And this one by multiple Bram Stoker Award®-nominee Anna Taborska:

“Multi-award-winning author Lee Murray skilfully combines history, horror and Māori mythology to create a gripping tale that will slither its way into your imagination, there to make its dark, abiding lair.”—Anna Taborska, author of Bloody Britain and For Those Who Dream Monsters

I’m so excited for the release of this one. For this text, as well as the usual print run, Absinthe will be doing a limited edition signed hardback of just 100 copies, so I hope readers will look to pick up a copy of that collectible edition.

What are you currently reading?

I’m currently reading Root Rot and Other Grim Tales, a horror collection by Sarah Read, an upcoming title from publisher Doug Murano at Bad Hand Books, who kindly offered me a sneak peek. Horror lovers are going to want to put this one on their to-read list. A Bram Stoker Award-winning novelist, Read also excels at the short form, her work mining universal themes and familiar tropes in unique and chilling ways. Take “The Hope Chest”, for example, in which an abused child finds solace in imaginary play. It’s a frank and freakish look at generational trauma with an even darker twist, and the first of 18 emotionally eviscerating tales in the volume. “Skydivers” is another. At once gritty and also whimsical, this visionary short story resonated for me with its stunning worldbuilding and its message of hope, which is, of course, the point of all horror. I’m confident we will see this book on upcoming award lists.

Tell us about your writing spot.

My husband and I both work from home, sharing an office overlooking a cow paddock in the sunny Bay of Plenty—which is just over the hill from Hobbiton.
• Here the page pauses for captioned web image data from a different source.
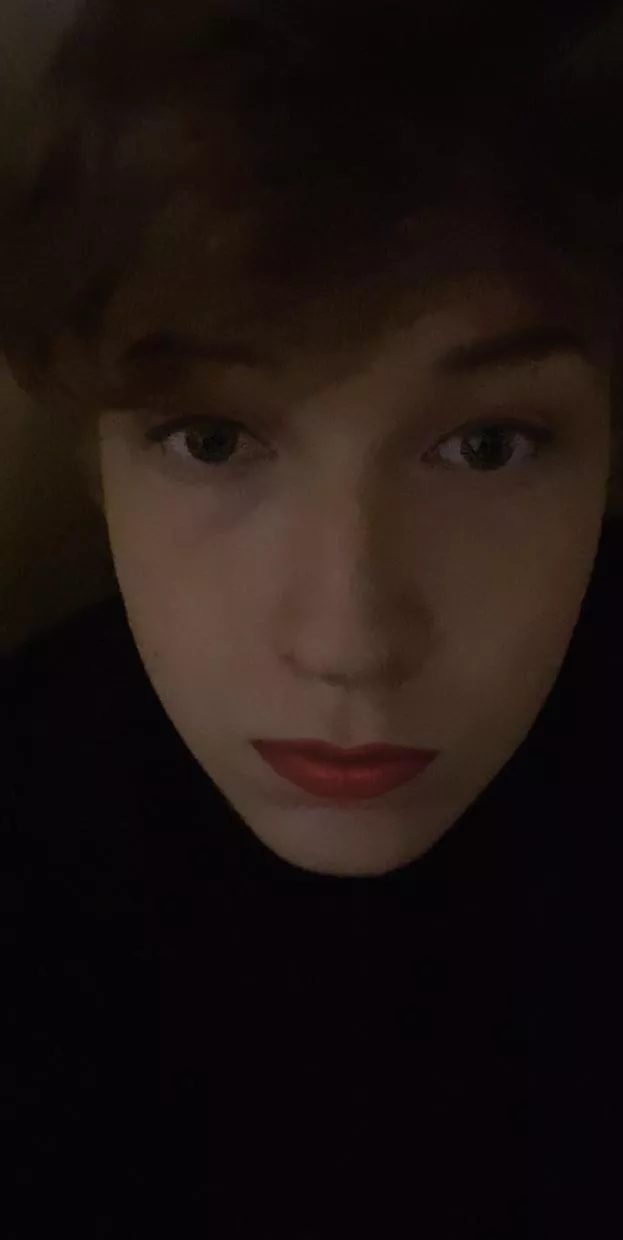 Anyone wanna take ownership of a slut for Christmas 😇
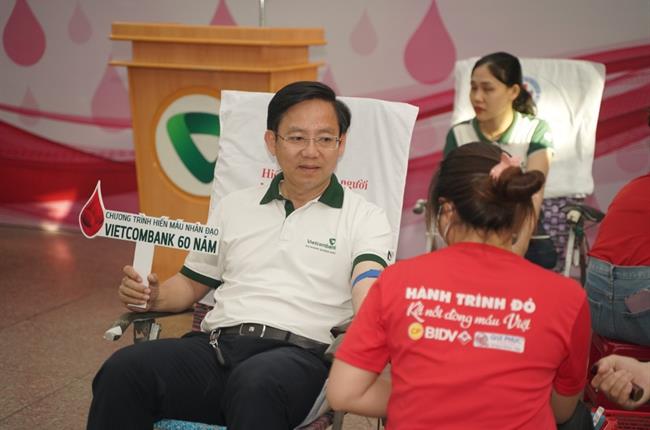 Vietcombank Quảng Ngãi tổ chức ngày hội hiến máu “Trao giọt hồng - Trao yêu thương”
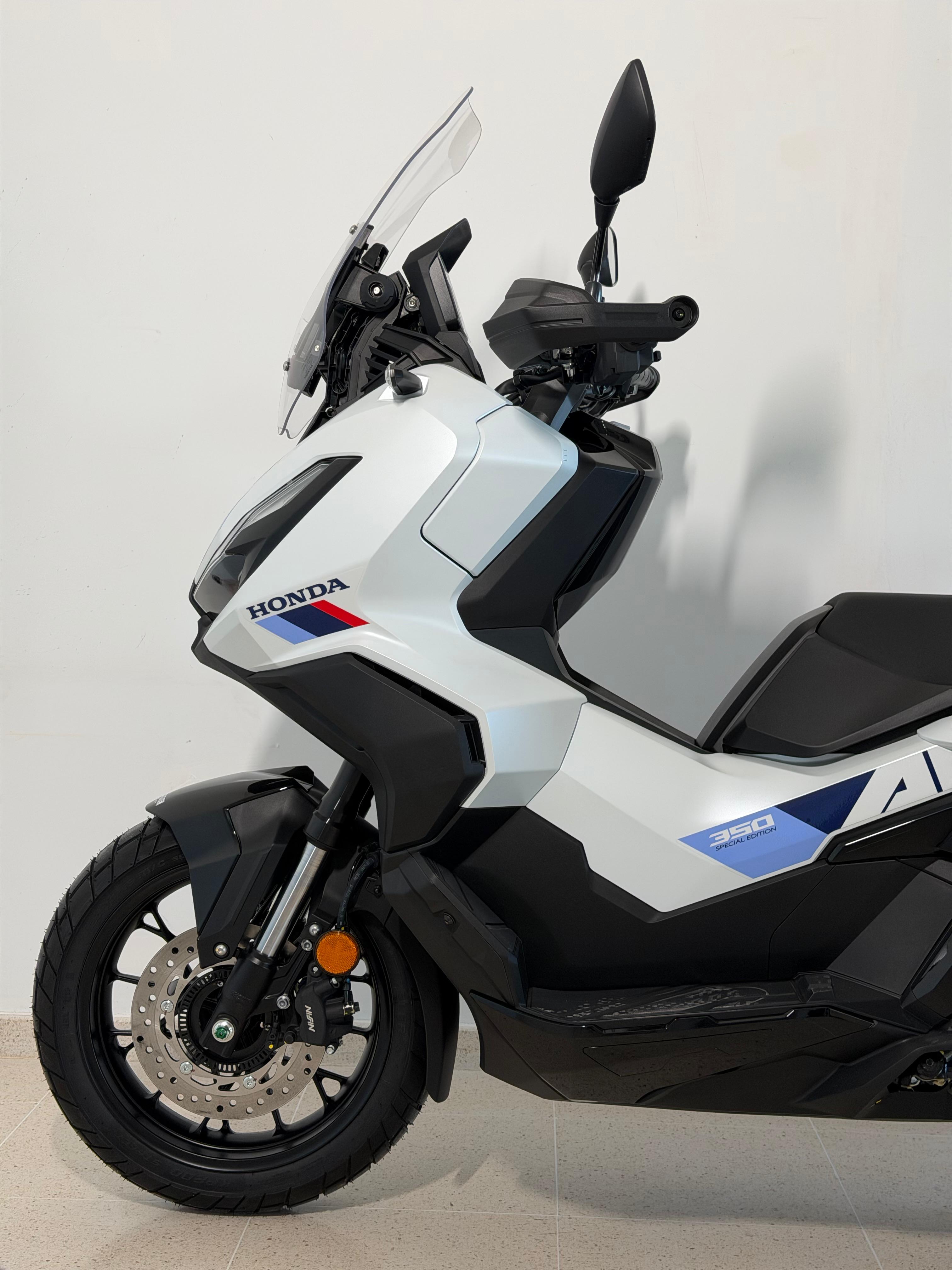 Imagen de HONDA ADV 350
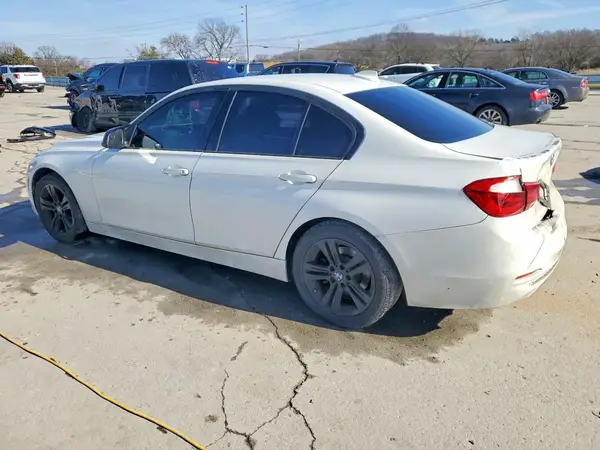 WBA8B9G55HNU49236 2017 BMW 3ER - Image 2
Our desks face one another in the style of Victoria & Albert, only, as a software engineer, his screen is huge. It is truly enormous—115cm x 37cm—and I suspect his intent is to block me out! He complains that I talk to my characters while I’m writing too, and given I write horror, it can be disconcerting. We also share the office with our dog Bella, a Jack-Tsu, who has her own bed, but prefers the office sofa, the armchair, any spot in the sun, and also the gap between my back and my office chair.
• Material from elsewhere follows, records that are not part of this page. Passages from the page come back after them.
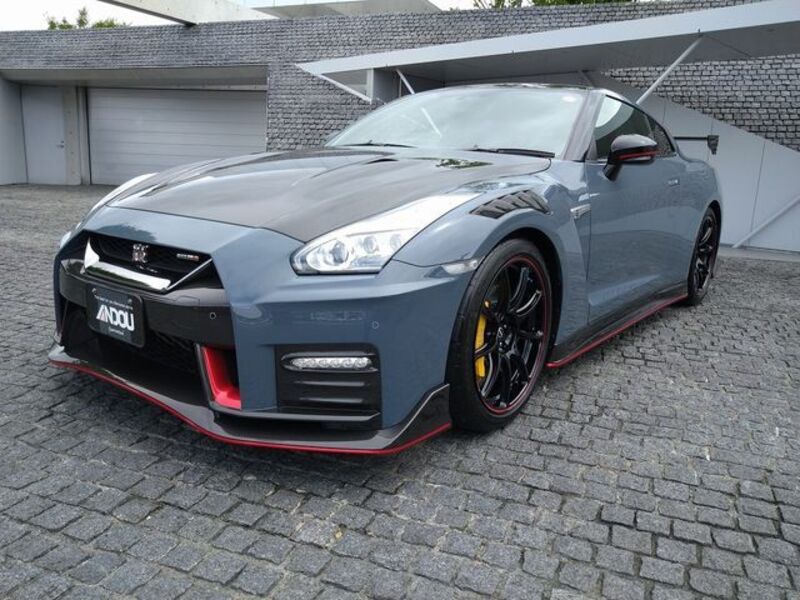 NISSAN GT-R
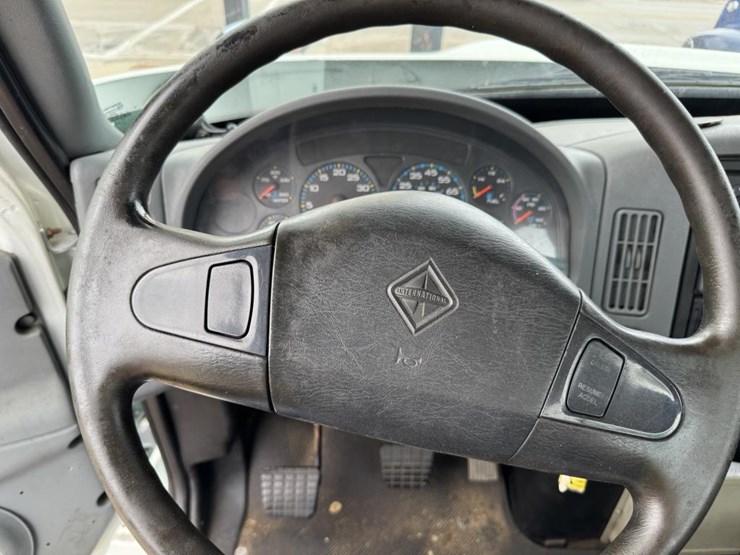 2004-international-durastar-4400-image-52
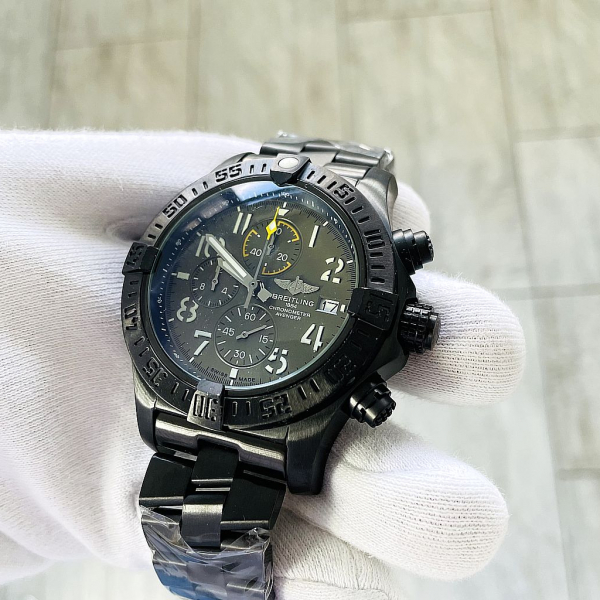BREITLING Chronometer Avenger (код 390)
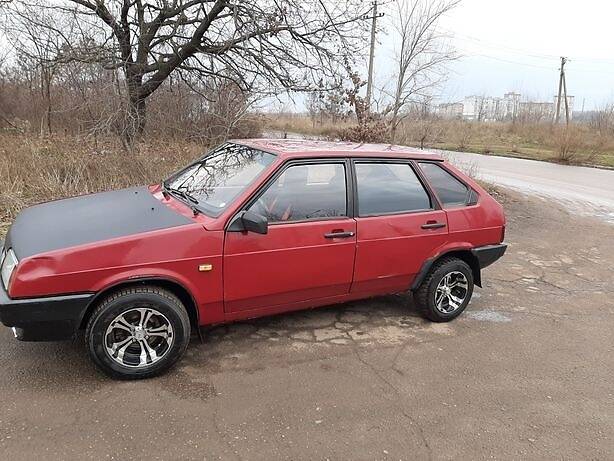 Хетчбек ВАЗ / Lada 2109 1990 в Кривому Розі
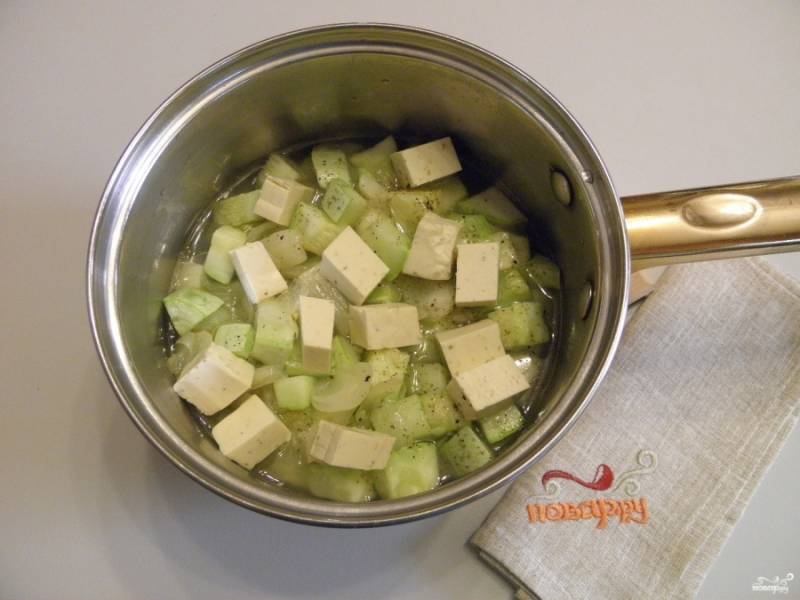 В горячий бульон положите обжаренные овощи, добавьте порезанный кубиками сыр плавленный, посолите и поперчите по вкусу. 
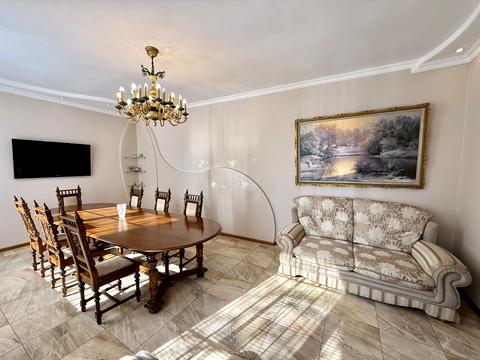 будинок за адресою Героя України Олександра Щербанюка вул. (Василя Чапаєва), 33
What’s on your writing bucket list?

I’ve been lucky enough to have been welcomed to the horror table, and because of the horror community’s generosity already so many of my bucket-list dreams have come true: publication, commissions, translations, invites to panels and festivals, and award recognition. I’ve had the chance to meet some writing heroes, mentor horror’s new wave of creatives, and as an editor, I’m frequently entrusted with other people’s work, which is a special privilege. I’m surrounded by wonderful readers and writers, with some folks even naming me as their favourite writer—I can’t tell you how much that means to me. These things sustain me through a barrage of rejections and other industry disappointments because writing, and being a writer, is hard. Of course I’d love a lucrative writing grant, or a fat advance, a chance at a big publisher, interest from a major literary agent, the opportunity to see my books adapted to the screen, perhaps even a Fox Spirit on a Distant Cloud ballet one day. But mostly, I want to keep writing, and maybe one day achieve that once-in-lifetime narrative that touches readers everywhere and truly makes a difference.
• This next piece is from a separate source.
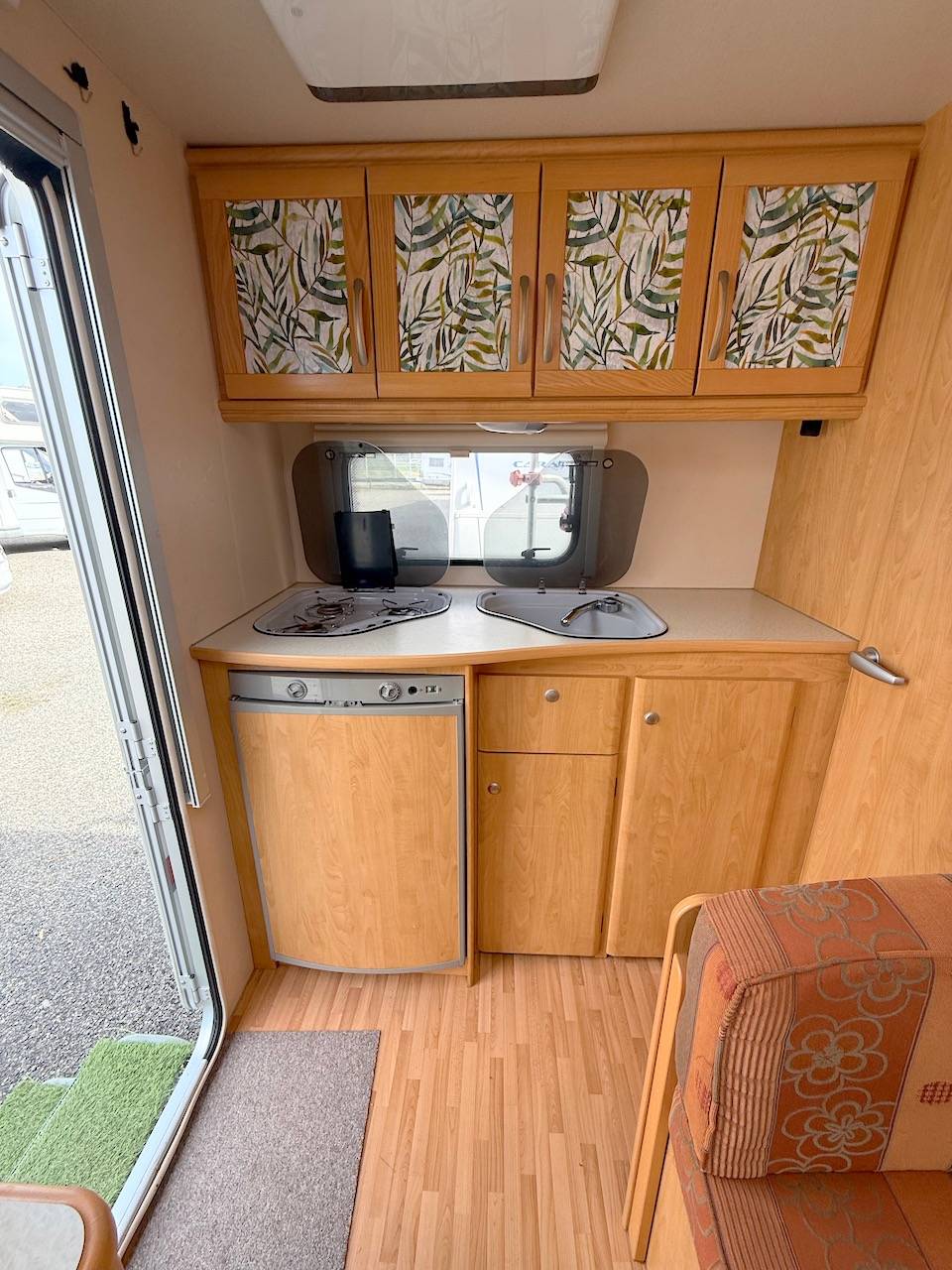 Caravane Occasion, lit central, 4 places, Sterkeman Novastar 500 CP, à Roques proche de Toulouse (31)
Who do you think are up and coming writers to watch?

I’d love to give a shout-out to my Kiwi speculative and horror colleagues, who do not get nearly enough attention, and I’m proud to announce that Remains to be Told: Dark Tales of Aotearoa (1 October 2023 from Clan Destine Australia) brings together stories and poems from some of my favourite dark fiction from my compatriots, including Dan Rabarts, Kirsten McKenzie, Celine Murray, Kathryn Burnett, Helena Claudia, Marty Young, Gina Cole, William Cook, Del Gibson, Paul Mannering, Tim Jones, Denver Grenell, Bryce Stevens, Debbie Cowens, Lee Murray, Jacqui Greaves, Tracie McBride, and Nikky Lee. Featuring uncanny disturbances, death, and the dank breath of the native bush, Remains to be Told: Dark Tales of Aotearoa is mired in the shifting landscape of the long white cloud, and deeply imbued with the myth, culture, and character of Aotearoa-New Zealand, and comprising intrigue, suspense, horror, and even a touch of humour.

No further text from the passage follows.